This defines the attention matrix for each k-th token. We then select the attention matrix for our new class token, ${\mathbf{M}}_q$, defined as

$${\mathbf{M}}_q=D_{{\tau }_{\theta }\left(p_j\right),Q}$$

(4)

From this matrix, we filter out the pixels with attention values below a given threshold T, which we set at 0.5. After this filter, we use a DenseCRF [29] to post-process the filtered attention map and obtain a dense binary mask, which is then used to obtain a bounding box that gives the location of the object from the class in the generated image $I_j$.

We use this bounding box to propose five points located in a cross pattern around the bounding box center and use them to prompt the SAM [8] to obtain the $M_j$ binary mask for our object, which we then apply to the generated image $I_j$ to produce the RGB cutout and semantic segmentation ground truth for the new class.

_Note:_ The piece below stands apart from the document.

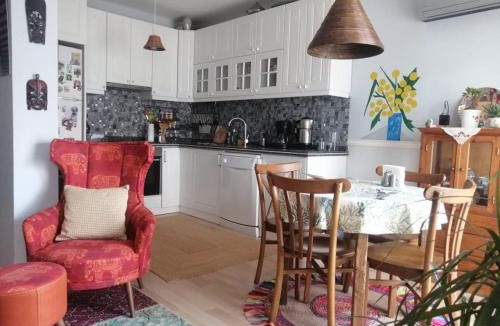 Old Town Apartment | Have a warm home in the center of Alsancak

Using variations of the automatically generated prompts and different latent vectors $z_t$, we can repeat this process multiple times to obtain a large set of RGB cutouts ${\mathbf{x}}_q$ and their semantic masks ${\mathbf{y}}_q$.

2.2. Mask Curation

Repeating this method with different latent noises and prompts, we can obtain varied cutout examples for the new class we want to include in the dataset, although they require an additional curation step, as some of them may present some issues. Figure 2 shows some examples of generated images and class masks. For example, when the attention mask occupies a notable proportion of the image, we can assume either it is a close-up, or it is highly probable that the image is not something we want (for example, image (c) in Figure 2 resembles the interior of a bus). We discard these images just by setting a fixed threshold for the ratio of attention pixels, which we set at 40% of the image.

The (d) example from Figure 2 shows one of the drawbacks of the SAM: it may produce noisy segmentation masks, particularly on object edges, as the SAM is trained on 1024 × 1024 images, and the resolution of the images we generate is 512 × 512.

To remove these samples, we include an additional filtering process, relying on three different metrics to filter these noisy masks: the Polsby–Popper method for measuring mask compactness, a mask contour smoothness metric, and measuring angular change along the mask of the contour metric.

The Polsby–Popper [30,31] method is defined as

$$PP\left(m\right)={\displaystyle \frac{4\pi \ast A\left(m\right)}{P{\left(m\right)}^2}}$$

(5)

where m is the mask generated by the SAM, $A\left(m\right)$ is the area of the mask, and $P\left(m\right)$ is the perimeter of the mask. We only keep masks where $PP\left(m\right)>0.6$.

Masks that pass this initial filter are then processed using a perimeter smoothness metric.

$$S\left(m\right)={\displaystyle \frac{P\left(m\right)}{P_s\left(m\right)}}$$

(6)

where $P_s\left(m\right)$ is the perimeter obtained after smoothing the mask. If $S\left(m\right)<1.0$, the mask is discarded.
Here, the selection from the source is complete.